2) run the expensive calculation code in another ThreadPool thread by using Task.Run or a Delegate
3) Run the expensive calculation code in another thread from your custom thread pool (or IOCP threadPool).
The second case MIGHT be enough for you depending on how long your "calculation" process run and how much load you have. The safe option is #3 but a lot more expensive in coding/testing. I also recommend always using .NET 4 for production systems using async design because there are some hard limits in .NET 3.5.
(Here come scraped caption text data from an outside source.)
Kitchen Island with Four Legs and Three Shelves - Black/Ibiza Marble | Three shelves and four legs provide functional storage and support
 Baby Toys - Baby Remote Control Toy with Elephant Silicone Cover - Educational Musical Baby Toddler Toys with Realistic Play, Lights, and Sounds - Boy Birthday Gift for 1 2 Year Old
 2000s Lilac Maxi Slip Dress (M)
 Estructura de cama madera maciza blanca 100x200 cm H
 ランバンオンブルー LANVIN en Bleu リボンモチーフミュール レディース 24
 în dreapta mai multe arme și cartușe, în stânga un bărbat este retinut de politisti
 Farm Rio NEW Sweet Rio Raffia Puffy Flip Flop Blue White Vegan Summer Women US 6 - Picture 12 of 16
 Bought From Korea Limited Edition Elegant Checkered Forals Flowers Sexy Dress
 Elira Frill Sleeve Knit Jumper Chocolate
There's a nice implementation of HttpTaskAsyncHandler for the .NET 4.0 in the SignalR project. You may want to ckeck it out: http://bit.ly/Jfy2s9
the web layer is coded in asp.net with pages marked as async. Yes, the recommended way to code for aync is using the RegisterAsyncTask
I have a problem now - there are a few pages that have used AutoResetEvent and ManualResetEvent for aync and not the standard RegisterAsyncTask.
Would these objects servicing the async calls, use up the worker threads from the threadpool? (not recommended, as this would exhaust the worker threads and the server would not be able to serve other client requests
OR
would they use the IO threads? (typically IO threads are used for async calls with the RegsterAsyncTask, this is desired)
I would need to propose change to these pages based on your insights.
Any opinions please?
The reset event objects don't use different threads themselves - they just block/release the current thread based on the current state and the activities of other threads.
When you say there are other pages "that have used AutoResetEvent and ManualResetEvent for a[s]ync" what exactly do you mean? These are synchronization objects, and don't provide a way (in themselves) of making operations asynchronous. Something else must be starting a thread or using the thread pool.